Maybe I should have rather said that I am looking for a single bevel knife at around 150 - 180 mm for de-boning. Shape of the blade could be like deba but maybe not that wide (like something between deba and petty if that description makes sense).
Maybe something along the lines of the Zakuri 150mm Blue #1 Kurouchi Sabaki Bocho from Jon (that is double bevel knife though). Jon says that it was designed for de-boning.
And let's go with carbon and WA handle. I feel like it is time to have one carbon knife in the kitchen :)
Deba is definitely not a brute force tool. It's something which can do brutish things with proper technique.
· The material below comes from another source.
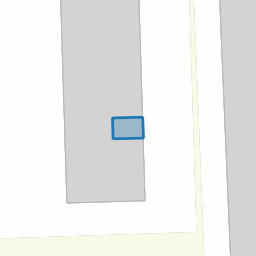 Perceel STR02-U-3301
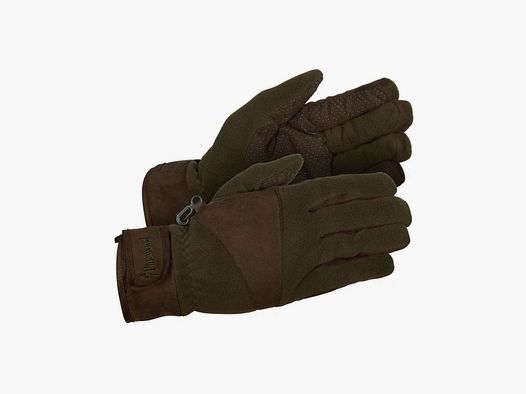 Pinewood Smaland Hunters Extreme-Fleece-Glove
It's not a bone chopper, but a knife for breaking down fish. I occasionally use mine for chicken and duck quite successfully, but it's not the best tool for the job. Honesuki is best for poultry. The old standby Tojiro DP is my fave for serious bang for the buck performance. It's not sexy as some of the other options out there, but it just plain gets the job done at a modest cost.
yeah, I'm gonna say don't get the deba...
Yeah, I am always looking for an excuse to buy a knife. So far I haven't found one for picking up a single bevel knife.
Originally Posted by Matus
A honesuki/garasuki, is probably a better choice for you. Another knife to check out are those old fashioned boning knifes, that Jon carries at JKI. Honsesukis typically have an asymmetrical edge, with a few being single bevel. The Hattori FH, is one. Garasukis are usually single bevel. Tojiro has one for around a $100. Carbon ones are in the $200 - $300 range.
The excuse I used for picking up a honesuki, was how poorly my western boning knife, held its edge. Plus I wanted to try a Japanese boning knife.
At the time, the forum attitude was Honesuki's are okay, but buy a cheap one such as a Tojiro or Misono. Not expecting much, I was surprised how well it cut, especially chicken skin. Curious to see how the Japanese used the knife, I watched the videos posted on the forum, and on the web. I was struck how the Japanese made precise cuts, and then pulled the meat off the bone. It is such an efficient method, they could casually break down and debone a chicken, in less then two minutes. That is my goal. I'm far from it, but still it has been a fun challenge.
May be I should as a different question - would a single bevel knife (designed for the purpose) be less suitable for de-boning than a conventional double-bevel knife?
In other words - should I get something like the above-linked Zakuri from Jon or something else?
I think you can get the job done with the Zakuri if that's what you'd like to use, but I can't say that it would be more suitable. It's just a matter of deciding what you want to use. It does remind me a bit of some of the inexpensive Tosa country style knives that JWW carries. I picked up one when I was in SF a few years ago. I've used it for boning chickens, for cutting fruit, and for any number of small jobs over the years. Is it the one I consistently reach for when I want a boning knife? No, but can I use it for that? Sure.
Is it the best choice for the job? When I want a boning knife, I find the honesuki works very well. Although I can certainly use anything for poultry and get the job done, I strongly prefer it to a double bevel conventional boning knife. I think the Tojiro does a great job at a very reasonable price. I've never felt the need to get anything "fancier" or "nicer".
The 150mm Zakuri I got from the BST works well as a boner...I'm sure a honesuki/hankotsu works better, but I'd make the choice on cost and what other purposes I'd put it to.
I think I have pretty much settled with Zakuri 150mm Blue #1 Kurouchi Sabaki Bocho from jon which, after all, is a boning knife and the price is right too. Now it is only the question when I will be able to make that order (which grew quite a bit already) :O
thank you for your help!
Yan w a cleaver = how the chicken did not cross the road!